Un tel procédé serait peut-être négligeable s'il n'était pas absolument systématique. Or, il l'est. On trouve, par exemple, dans les Passions, cinquante-sept exemples d'expressions telles que : « il alla, il partit, il se leva », etc. Cinquante et une fois, Bach emploie le même motif mélodique ascendant. Sur plusieurs centaines d'exemples des mots « mourir, mort », tout au long des deux cents cantates, des oratorios et des Passions, Bach ne semble pas en avoir laissé passer un seul sans qu'un accord de septième, diminuée, une fausse relation harmonique, une chute brutale de la voix vers les profondeurs, ne viennent marquer la phrase par sa dissonance ou son inflexion dramatique.

Il est exclu que l'on puisse seulement énumérer ici ce qu'on pourrait appeler le « lexique musical » de Bach, mais on peut en définir les deux grandes directions. Il y a d'abord un vocabulaire symbolique d'images abstraites, dont il se sert de manière à peu près automatique, on pourrait presque dire stéréotypée : « aller », « monter », se traduit par une ligne ascendante ; « accompagner », par un canon ; l'interrogation, par un accord sur la dominante, etc. Il y a d'autre part un vocabulaire expressif, plus varié, plus riche, et qui influe davantage sur le déroulement de la musique.
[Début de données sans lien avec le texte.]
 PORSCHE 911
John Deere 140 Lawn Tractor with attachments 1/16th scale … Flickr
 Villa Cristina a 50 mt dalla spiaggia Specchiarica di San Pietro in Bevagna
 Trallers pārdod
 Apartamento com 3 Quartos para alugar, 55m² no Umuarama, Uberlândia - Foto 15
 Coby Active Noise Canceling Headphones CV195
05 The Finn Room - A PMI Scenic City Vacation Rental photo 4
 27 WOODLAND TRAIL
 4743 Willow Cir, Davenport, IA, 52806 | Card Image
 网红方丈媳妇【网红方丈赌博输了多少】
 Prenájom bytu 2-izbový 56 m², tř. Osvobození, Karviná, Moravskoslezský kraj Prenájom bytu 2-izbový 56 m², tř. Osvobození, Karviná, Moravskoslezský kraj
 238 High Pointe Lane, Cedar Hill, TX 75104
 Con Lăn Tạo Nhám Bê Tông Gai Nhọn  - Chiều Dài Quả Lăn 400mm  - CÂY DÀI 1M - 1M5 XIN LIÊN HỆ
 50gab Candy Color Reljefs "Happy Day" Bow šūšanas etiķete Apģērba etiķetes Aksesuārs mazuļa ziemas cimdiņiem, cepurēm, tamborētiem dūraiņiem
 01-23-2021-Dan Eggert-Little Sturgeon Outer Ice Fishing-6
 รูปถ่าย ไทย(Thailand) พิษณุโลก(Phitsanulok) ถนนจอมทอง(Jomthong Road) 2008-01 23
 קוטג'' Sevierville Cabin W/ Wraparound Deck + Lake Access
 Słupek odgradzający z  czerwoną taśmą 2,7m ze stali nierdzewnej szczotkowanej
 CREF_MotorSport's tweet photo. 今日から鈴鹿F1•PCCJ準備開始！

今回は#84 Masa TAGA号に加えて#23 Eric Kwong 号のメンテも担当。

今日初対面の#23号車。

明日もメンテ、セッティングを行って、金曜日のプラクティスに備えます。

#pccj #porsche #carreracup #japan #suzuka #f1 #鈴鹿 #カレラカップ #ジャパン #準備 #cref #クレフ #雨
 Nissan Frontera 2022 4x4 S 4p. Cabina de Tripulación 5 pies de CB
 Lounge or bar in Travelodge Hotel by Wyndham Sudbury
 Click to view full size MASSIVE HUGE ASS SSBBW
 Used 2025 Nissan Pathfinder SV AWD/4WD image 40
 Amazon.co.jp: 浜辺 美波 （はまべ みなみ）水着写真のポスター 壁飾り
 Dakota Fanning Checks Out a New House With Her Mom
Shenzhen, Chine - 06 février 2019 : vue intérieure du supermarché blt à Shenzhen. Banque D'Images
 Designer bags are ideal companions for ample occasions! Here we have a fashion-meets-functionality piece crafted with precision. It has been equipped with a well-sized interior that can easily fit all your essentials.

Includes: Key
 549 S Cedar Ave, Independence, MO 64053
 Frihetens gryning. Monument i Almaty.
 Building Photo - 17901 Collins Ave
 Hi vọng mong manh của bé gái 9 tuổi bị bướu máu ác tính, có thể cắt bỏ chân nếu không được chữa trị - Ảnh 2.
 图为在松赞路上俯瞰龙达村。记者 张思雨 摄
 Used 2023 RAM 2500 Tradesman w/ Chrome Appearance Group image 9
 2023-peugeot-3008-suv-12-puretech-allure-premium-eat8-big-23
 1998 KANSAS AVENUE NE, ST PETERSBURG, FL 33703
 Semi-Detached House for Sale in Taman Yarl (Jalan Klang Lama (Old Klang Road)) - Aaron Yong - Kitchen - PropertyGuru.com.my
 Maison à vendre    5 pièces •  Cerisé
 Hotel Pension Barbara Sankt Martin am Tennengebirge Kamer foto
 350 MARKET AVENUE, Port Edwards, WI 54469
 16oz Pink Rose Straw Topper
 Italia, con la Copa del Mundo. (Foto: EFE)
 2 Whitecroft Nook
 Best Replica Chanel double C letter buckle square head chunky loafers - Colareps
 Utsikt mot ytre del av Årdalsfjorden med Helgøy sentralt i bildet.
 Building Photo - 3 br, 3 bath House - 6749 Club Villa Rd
La mort, le mal, la joie, la souffrance, ont chacun plusieurs modes d'expression, tous efficaces, et parfois pathétiques.

Par ailleurs, de récentes recherches tendent à démontrer que la symbolique des nombres a eu sur l'organisation des œuvres de J.S. Bach un effet très important. Certains chiffres (3, 7, 12...) et d'autres, liés à la personne même du compositeur, apparaissent à une fréquence qui laisse songeur (14 = B.A.C.H. ; 41 = J.S. Bach). N'est-il pas frappant que le thème du choral « Je m'avance devant ton trône » écrit par Bach sur son lit de mort et qui de 32 notes ait été rallongé grâce à des notes de passage jusqu'au total de 41 ?

Bach est ainsi à la fois un architecte de la musique et un miniaturiste. Mais la force de son discours musical, la puissance de son invention mélodique sont telles que ces inflexions et ces intentions expressives sont toujours parfaitement intégrées. Ce qui aurait pu être une mosaïque de notations juxtaposées est emporté par l'ampleur de la conception d'ensemble et par la précision de sa démarche musicale, procurant au passage des effets prodigieux grâce à la maîtrise absolue de tous les moyens techniques et expressifs dont disposait sa science musicale infaillible.

Philippe Beaussant
(source : Histoire de la musique – Ed. Fayard)


À PROPOS DE PHILIPPE BEAUSSANT

Disparu en mai 2016, Philippe Beaussant était entre autre un musicologue spécialisé dans le domaine de la musique baroque et auteur de plusieurs ouvrages sur cette période. Fondateur du Centre de musique baroque de Versailles, Philippe Beaussant a été membre de l'Académie française et de l’Académie Charles-Cros.